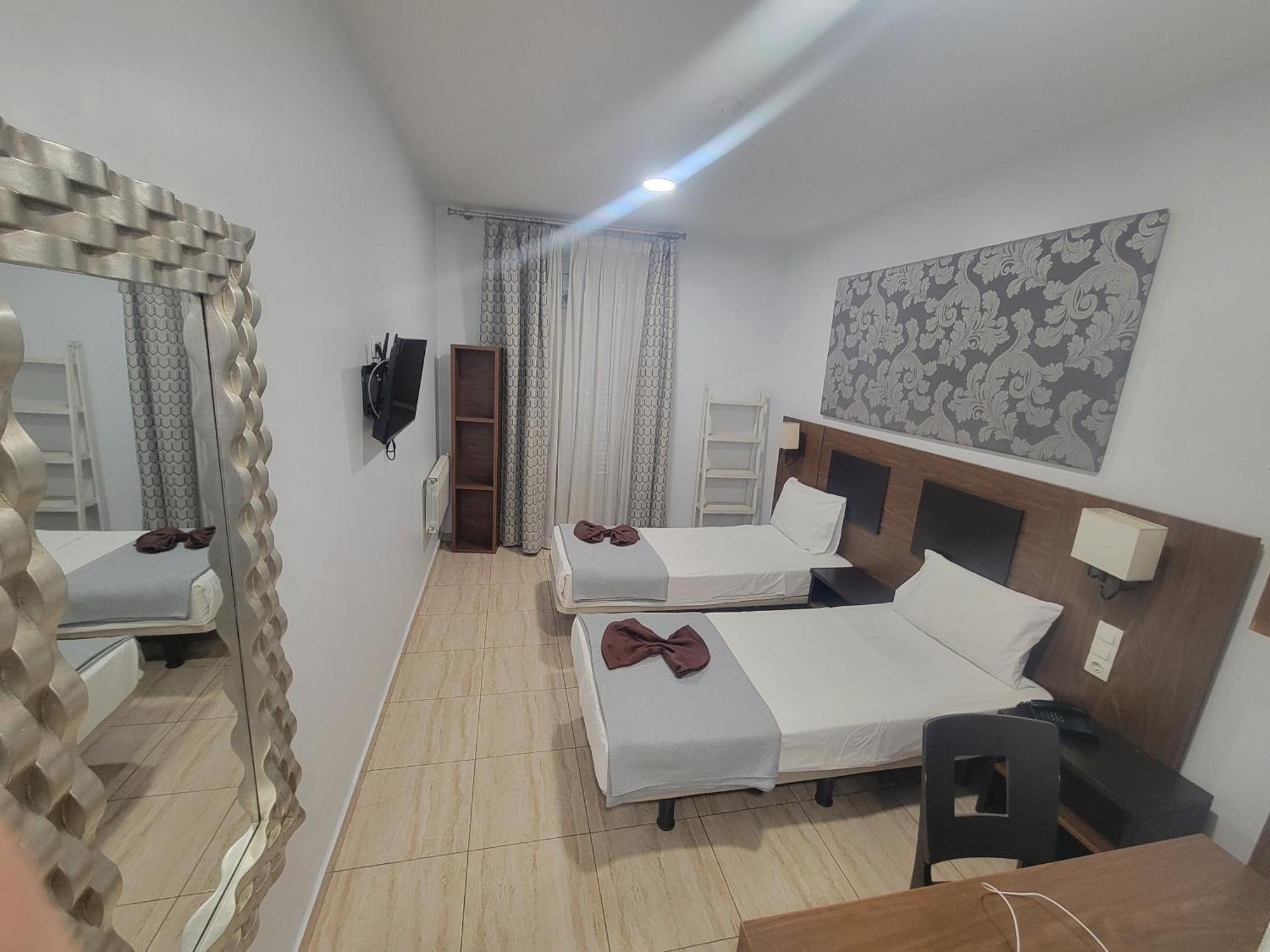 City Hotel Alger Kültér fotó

--

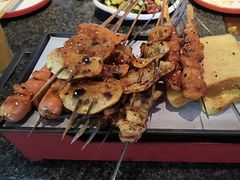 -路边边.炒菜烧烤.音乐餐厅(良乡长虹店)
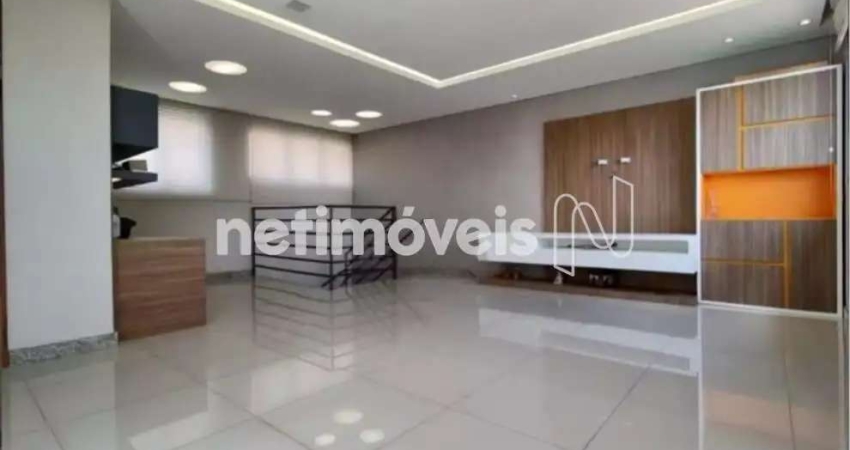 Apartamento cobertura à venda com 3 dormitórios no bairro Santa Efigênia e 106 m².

▶ _THE PROBLEM_: Starting with the line that has "-路边边.炒菜烧烤.音乐餐厅(良乡长虹店)" and ending with the line that has "Apartamento cobertura à", repeat the lines above exactly, omitting every picture.

▶ _EXERCISE RESPONSE_:
 -路边边.炒菜烧烤.音乐餐厅(良乡长虹店)
 Apartamento cobertura à venda com 3 dormitórios no bairro Santa Efigênia e 106 m².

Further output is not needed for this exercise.